Seeing the locals’ morning offerings during a visit to Bali inspired Carlos to come up with what he calls the “Random Act of Beauty,” which is a philosophy that he lives by everyday. “Everyday you should do one act that is considered as beautiful,” he says. He adds that he find beauty in the things around him and turns them into a work of art. During the “Powerhouse” visit to his home, he showed host Mel Tiangco how half-dead flowers he picked up from Roxas Boulevard can be beautiful when arranged. He says all it takes is a little creativity and for you to “exercise your power of finding beauty in anything.”

“Cultural Activism”

When asked where he got the ideals and advocacies that he has now, Carlos says, “I think it was the combination of being sheltered and going to UP Diliman… The polarization of comfort and activism probably gave me my interest and (put me in a) position to do something.”

Carlos says his “Damaso” protest is a good example of using arts and culture in activism.
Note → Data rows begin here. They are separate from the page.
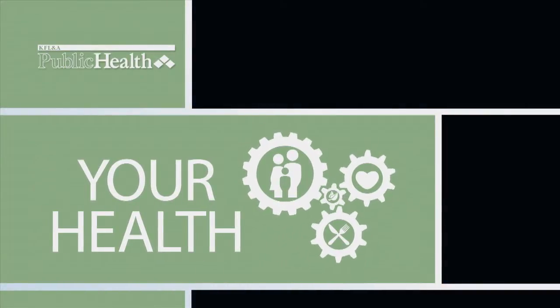Your Health. Tips for healthy living. Be prepared in case of an emergency.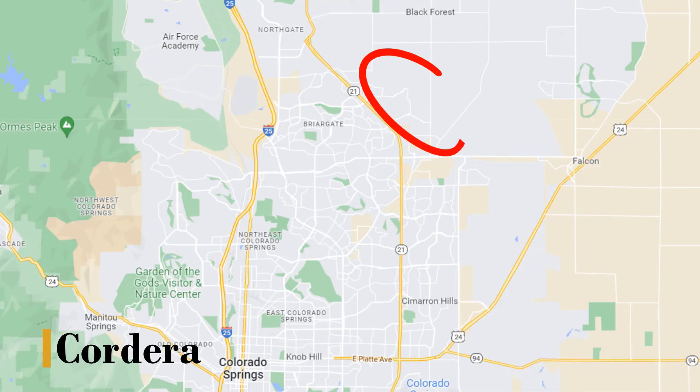The first neighborhood that I want to start with is Cordera. Cordera is located on the northeast side of town, just off of Powers Boulevard, which is also Highway 21 here in town. You can kind of find it east of Powers Boulevard; it sits between Briargate Parkway and Research Parkway. It is a growing community — there's still a lot of building going on. They actually have seven builders out there right now, and some of my favorites are out there: Poe Brothers and Saddle Tree.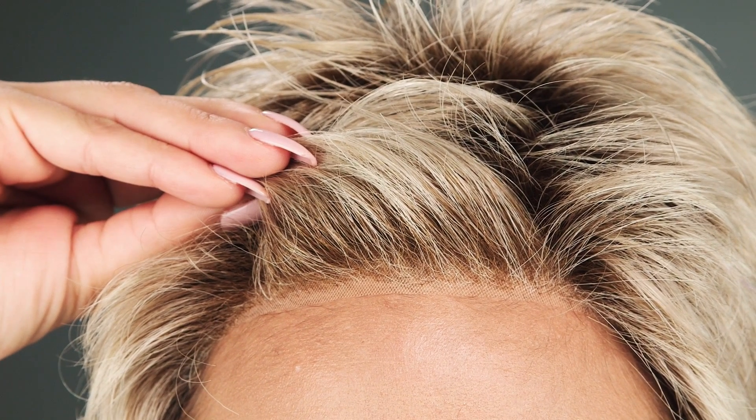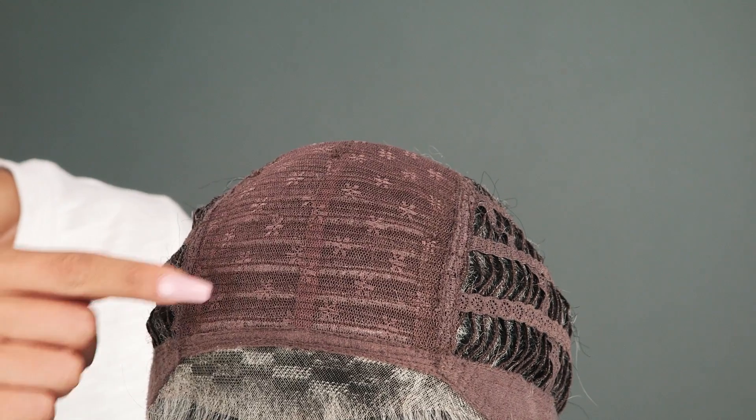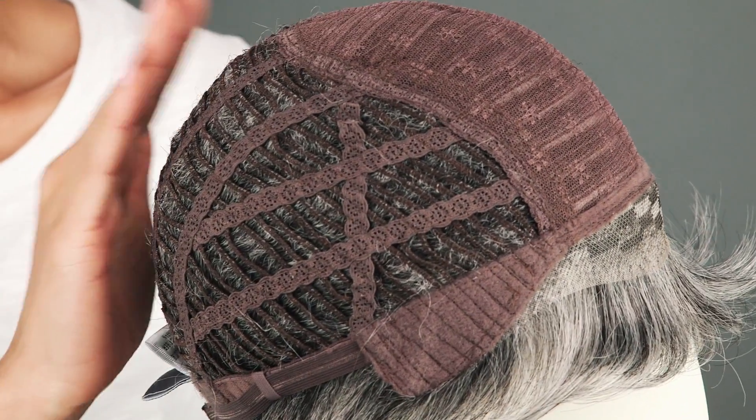The lace front is pre-cut and ready to wear, giving the look of your own hairline. The closed flower net top supports the base and the style, and the openings on the sides and back allow for air to come through for coolness.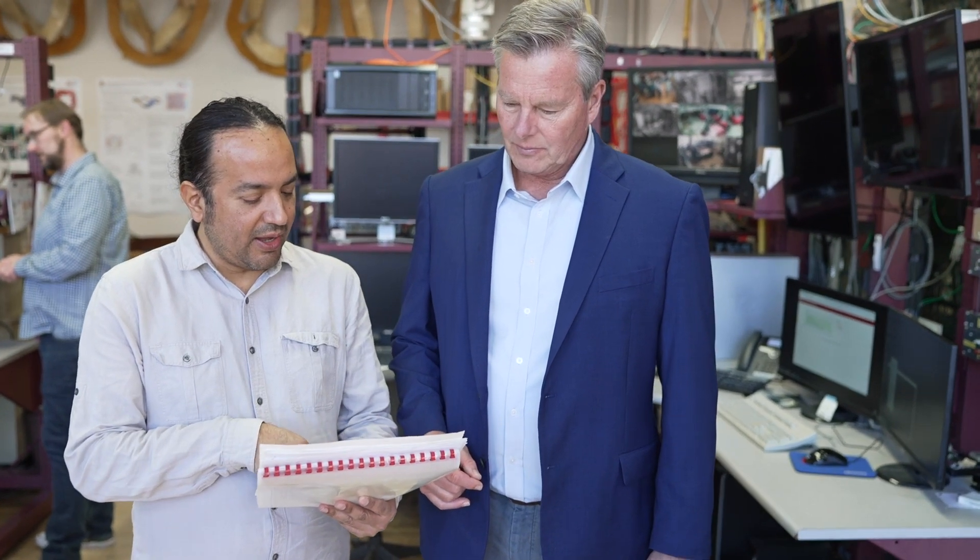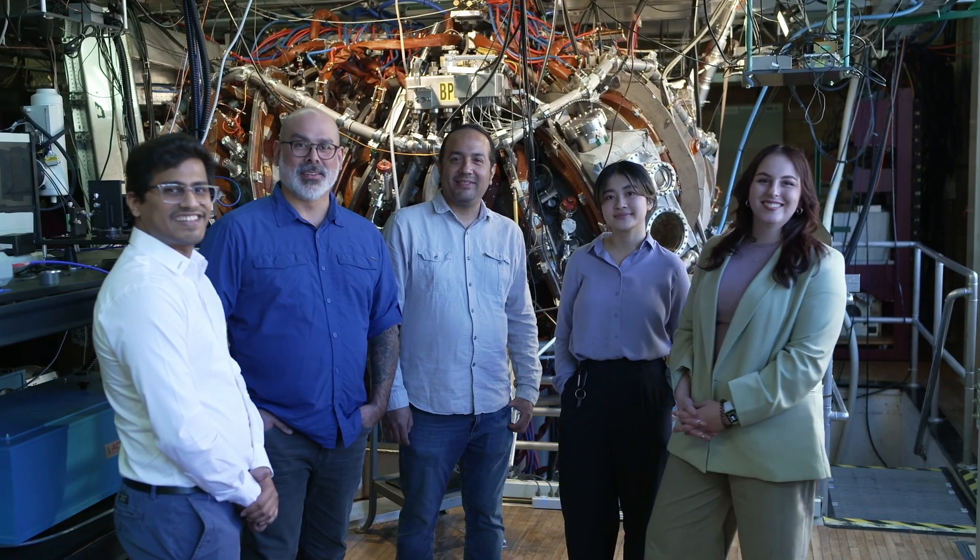The timeline we have established for Type One Energy to commercialize fusion is driven by the need to bring online a new capability in terms of carbon-free energy, which puts a lot of constraints on the types of technology we can effectively use over the next 10 years. A lot of the work that needs to be done right now is engineering — developing technology and bringing things that already exist as ideas into actual reality.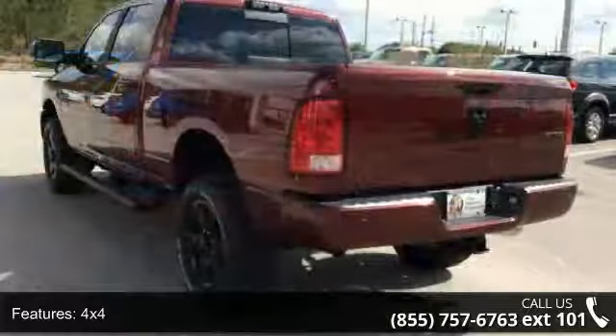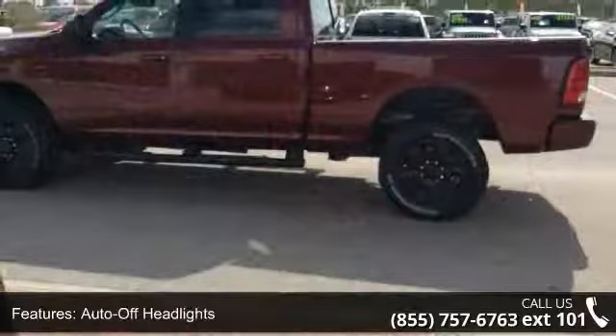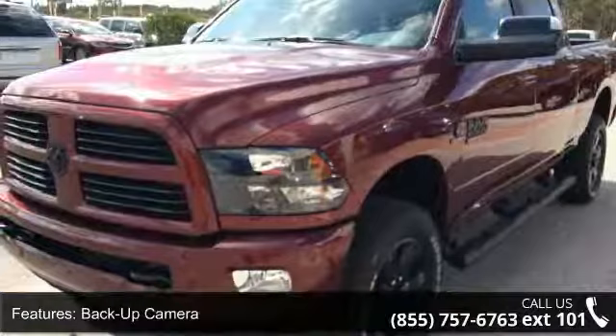If you are looking for a new truck, this might be the one. This vehicle shows low mileage and has a smooth ride. Let us put you in the driver's seat today. Call or click to schedule a test drive.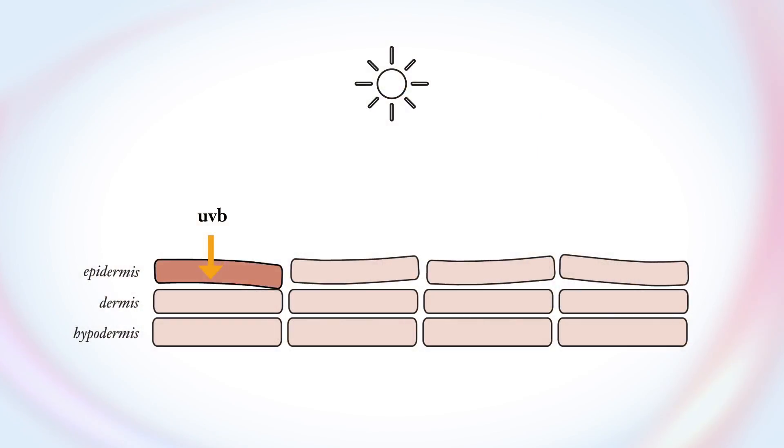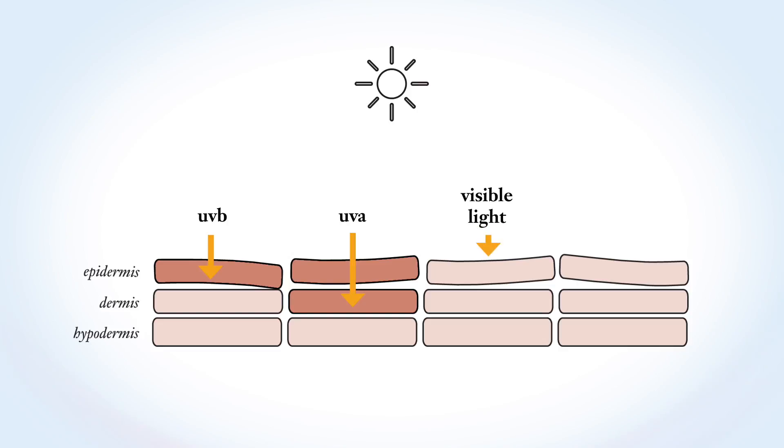Ultraviolet B rays don't penetrate that deeply, but they're the most energetic and the most dangerous. Ultraviolet A rays are less energetic but penetrate a little bit more deeply. Visible light penetrates deeper in skin than ultraviolet rays. And then finally, the infrared rays reach the deepest in our skin — they actually go through our skin.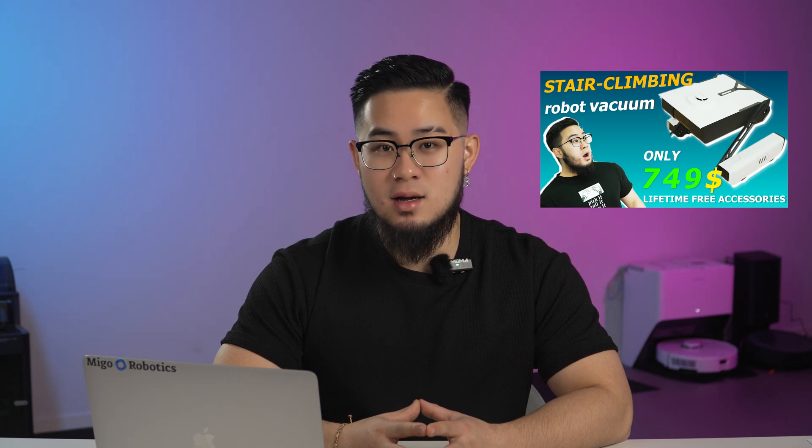Hey guys, welcome back. I'm Brian from Eagle Robotics. Firstly, I would like to thank you all for the support on my previous video, which we showed you the prototype of Ascenda, the cleaning robot that can climb stairs and move sideways.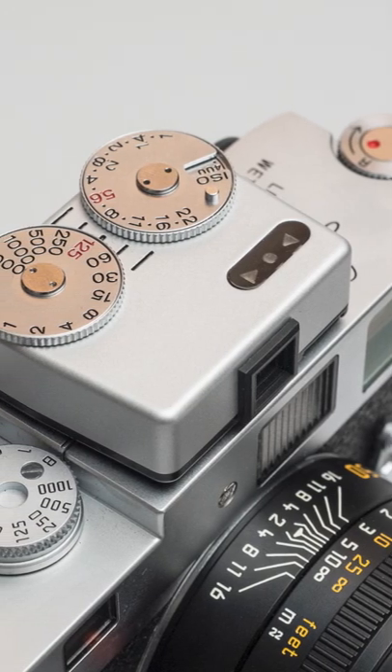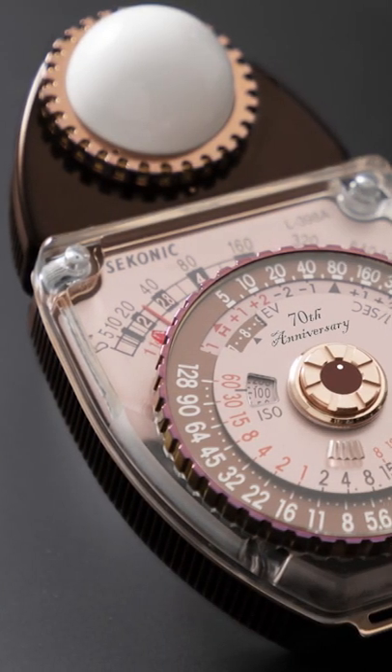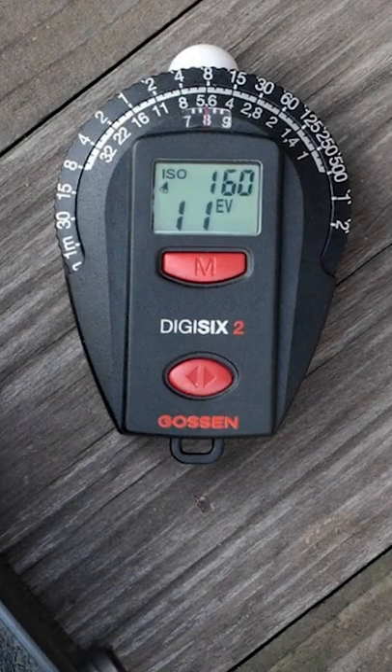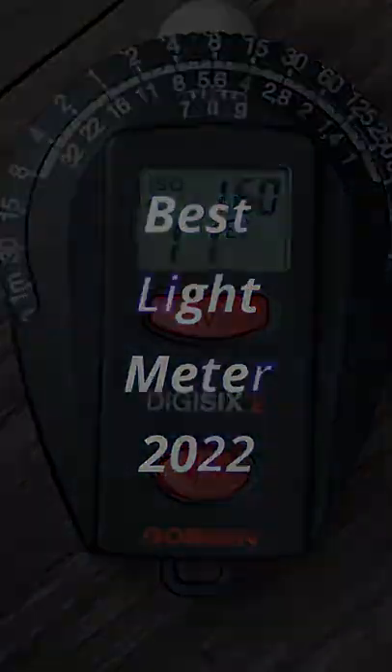Light meters are accurate, reliable, and easy to use. They can measure ambient light, flash light, exposure from strobes, and speed lights — taking control of your cinematography and photography. To help you choose the right one for your needs and budget, we have reviewed some of the best light meters available in 2022. Head over to our channel to watch the full video. Thank you.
Using the history of the Philippines, literary figures created by the national hero, a little bit of cosplay, and using Manila Cathedral as a stage, he created what he calls “a transformation.”

He adds that the protest was his way of addressing the poverty that surrounded him every time he would conduct his tours around Manila. “I’m a tour guide, I tour everybody around Manila,” he says. “May magandang Manila Cathedral, may (magagandang) bahay, may magandang park, may magandang mall, and then ang daming street children.” He feels that this is a result of the poor mothers in the Philippines not having free access to reproductive health options. “It has a lot more to do with human rights, and women’s rights,” he adds. “We tried everything with the economy, constitution, liberalization of this and that, but we forgot about the empowerment of the Filipino family.”

Because of this protest, Carlos has been called a “cultural activist.” On that matter, he says: “I really believe (that) arts and culture is the best way to change society.” He believes that using creativity, history, and culture will make more of a lasting change than forcing people to change (because) “to really change the Philippines, you have to make the Filipino want to change.”

Carlos was found guilty of “offending religious feelings” under Article 133 of the Revised Penal Code. Despite forgiveness from the Catholic Church, he says he still has to go to jail for two months and one day. However, according to him, it was all worth it. “There’s no regrets,” he says.

“Do crazy things”

Twenty years from now, Carlos Celdran still sees himself living happily in Manila. He says there’s no sense in moving abroad because his work is about being Filipino. “‘Yung tour ko pang-Pilipino, ‘yung trabaho ko (pang-Pilipino). (The) whole pursuit ng art life ko was about being Filipino,” he says.

Carlos says that he would like to be an example for other Filipino artists. “I would like to prove to Filipinos out there that even if you are an artist and you have a ridiculous dream of doing cosplay everyday in Intramuros, if you are as pasaway to walk into Manila Cathedral and tell the bishops what you really think, this is the country to do it. Because really, the Philippines is more free than we think we are,” he says.

He points out that compared to many other countries, we are lucky to be able to express ourselves freely, without fear from our government or any particular religion. “Our repression comes from inside,” he says, adding that right now is a very good moment for Filipinos to “come out and do crazy things.”

“It proves that Filipinos can do it,” Carlos says.